Only an exact repeat of the listing, without its images, counts as the answer.

--- THE DATA ---

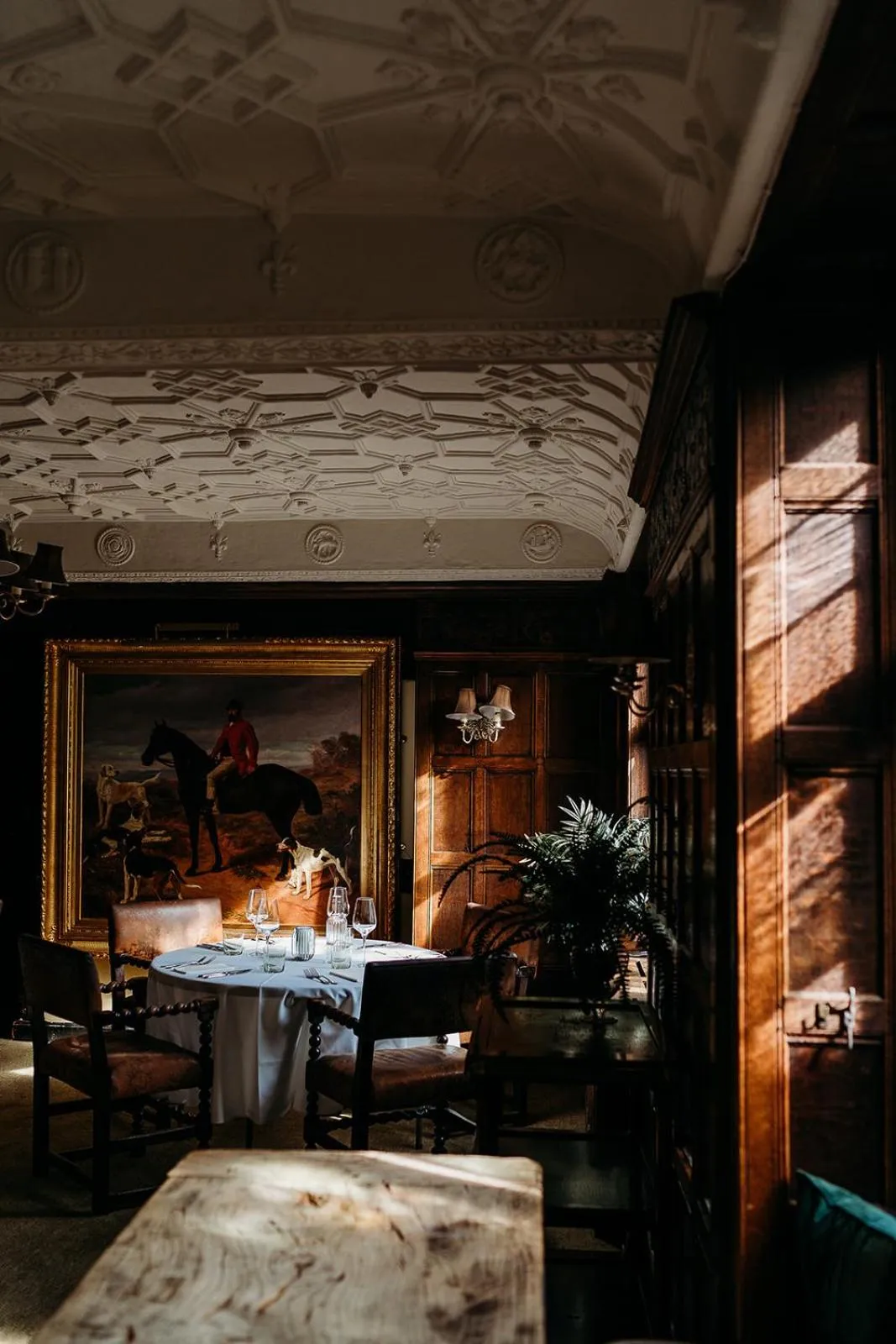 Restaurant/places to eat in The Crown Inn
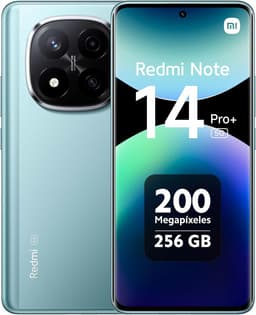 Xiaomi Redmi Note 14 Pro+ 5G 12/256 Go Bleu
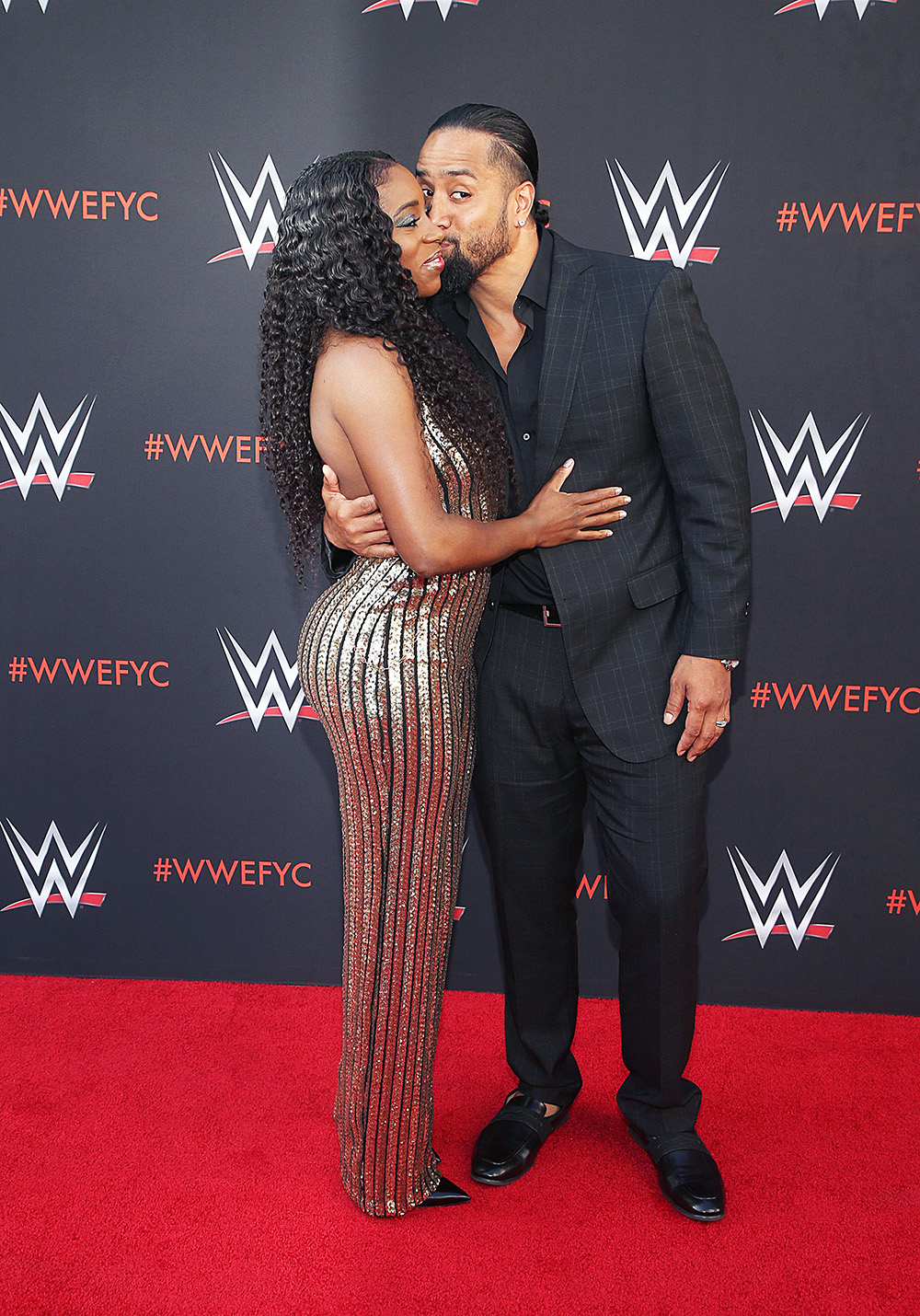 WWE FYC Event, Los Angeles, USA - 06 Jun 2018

---

§ **WORKED SOLUTION**
 Restaurant/places to eat in The Crown Inn
 Xiaomi Redmi Note 14 Pro+ 5G 12/256 Go Bleu
 WWE FYC Event, Los Angeles, USA - 06 Jun 2018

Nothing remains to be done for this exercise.